La question du gaz en Méditerranée avait été un sujet de contentieux important depuis l’accord signé par la Turquie avec la Libye, le 27 novembre 2019, sur les délimitations maritimes lui donnant l’accès à des zones de forage revendiquées par la Grèce et/ou Chypre – soutenus, elles, par Israël.
Or, depuis janvier 2022, Israël et la Turquie se sont déclarés disposés à coopérer sur un projet de gazoduc visant à relier des gisements israéliens en Méditerranée orientale à la Turquie pour ensuite acheminer cette manne gazière vers l’Europe, qui en a plus que jamais besoin depuis la rupture de l’approvisionnement en gaz russe.
Dans ce rétablissement des relations Israël-Turquie, il y a donc aussi l’idée qu’il y a potentiellement des opportunités de développement coopératif.
Que dire enfin des dissensions persistantes sur la question palestinienne ?
Le ministre turc des Affaires étrangères, Mevlüt Cavusoglu, ne peut pas se désavouer par rapport à l’ambition qu’affiche Ankara depuis plusieurs années de soutenir la cause palestinienne. Il l’a d’ailleurs redit explicitement mercredi en assurant que la Turquie “n’abandonnerait pas la cause palestinienne” et continuera de “défendre les droits des Palestiniens, de Jérusalem et de Gaza”.
L’axe turco-qatari continuera donc d’avoir son importance en ce qui concerne la question palestinienne, et c’est un point de friction qui va demeurer avec Israël. Mais ce ne sera pas suffisant pour hypothéquer la reprise des relations diplomatiques. À l’avenir, Ankara manifestera probablement sa désapprobation voire sa condamnation de la politique israélienne par rapport à Gaza, car cela fait partie intégrante de la position traditionnelle de la Turquie.

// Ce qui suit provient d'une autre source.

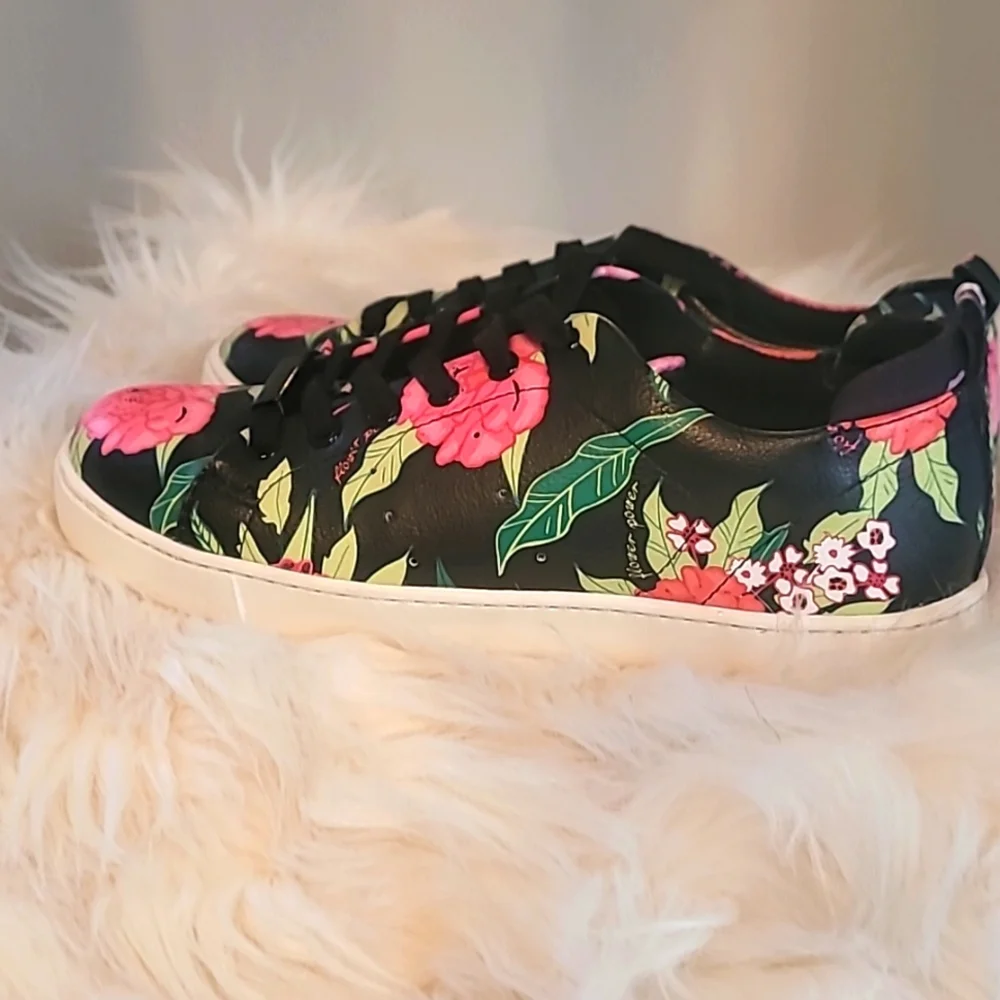 Use size 6 - Picture 2 of 3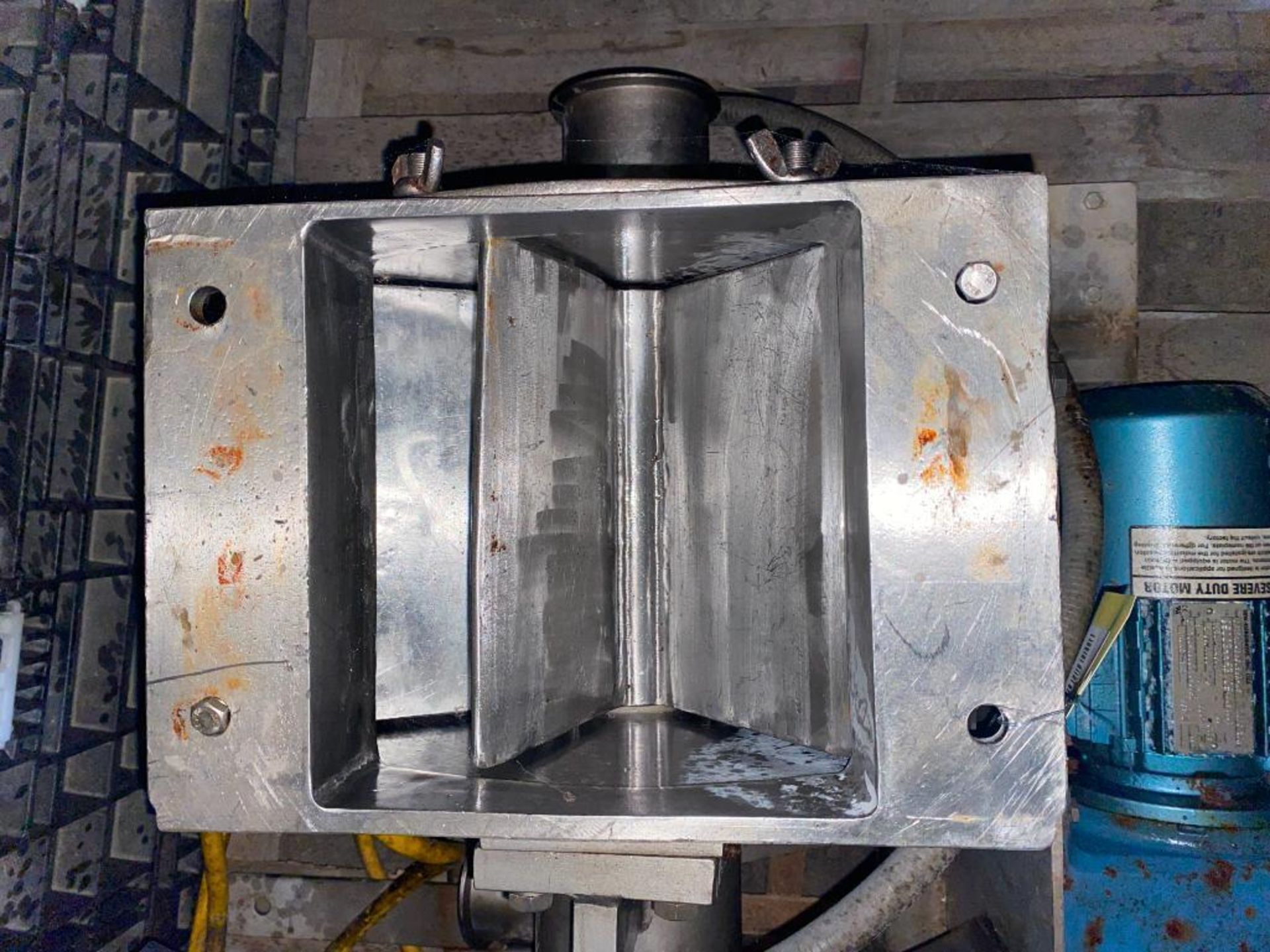 S/S 4.5" Rotary Valve, Clamp-Type with Drive (Location: Rice Lake, WI) - Rigging Fee: $100 - Image 2 of 2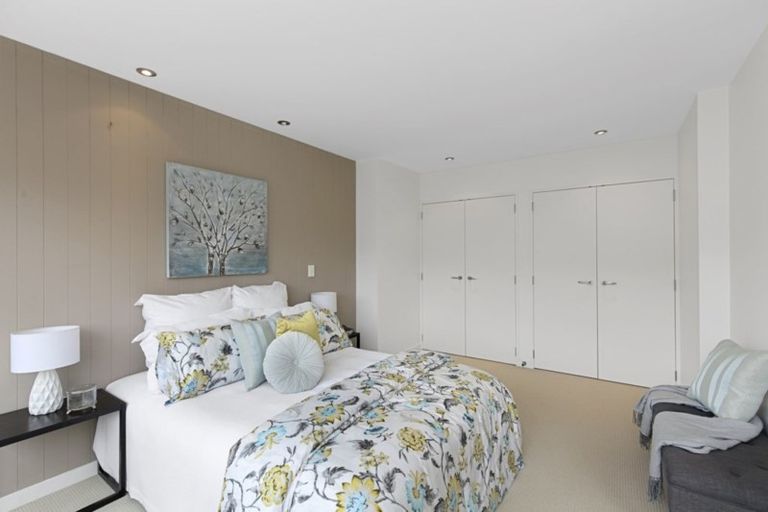 Photo of property in 32 Tiketike Way, Brooklyn, Wellington, 6021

Mais il y a une dynamique générale de la part d’Ankara qui consiste à revoir ses ambitions extérieures à la baisse, parce que ces ambitions géopolitiques doivent être financées. Ce qui n’est plus le cas aujourd’hui. Et comme la Turquie est plongée dans une grave crise économique, cela devient d’abord un problème de politique intérieure pour le président Erdogan.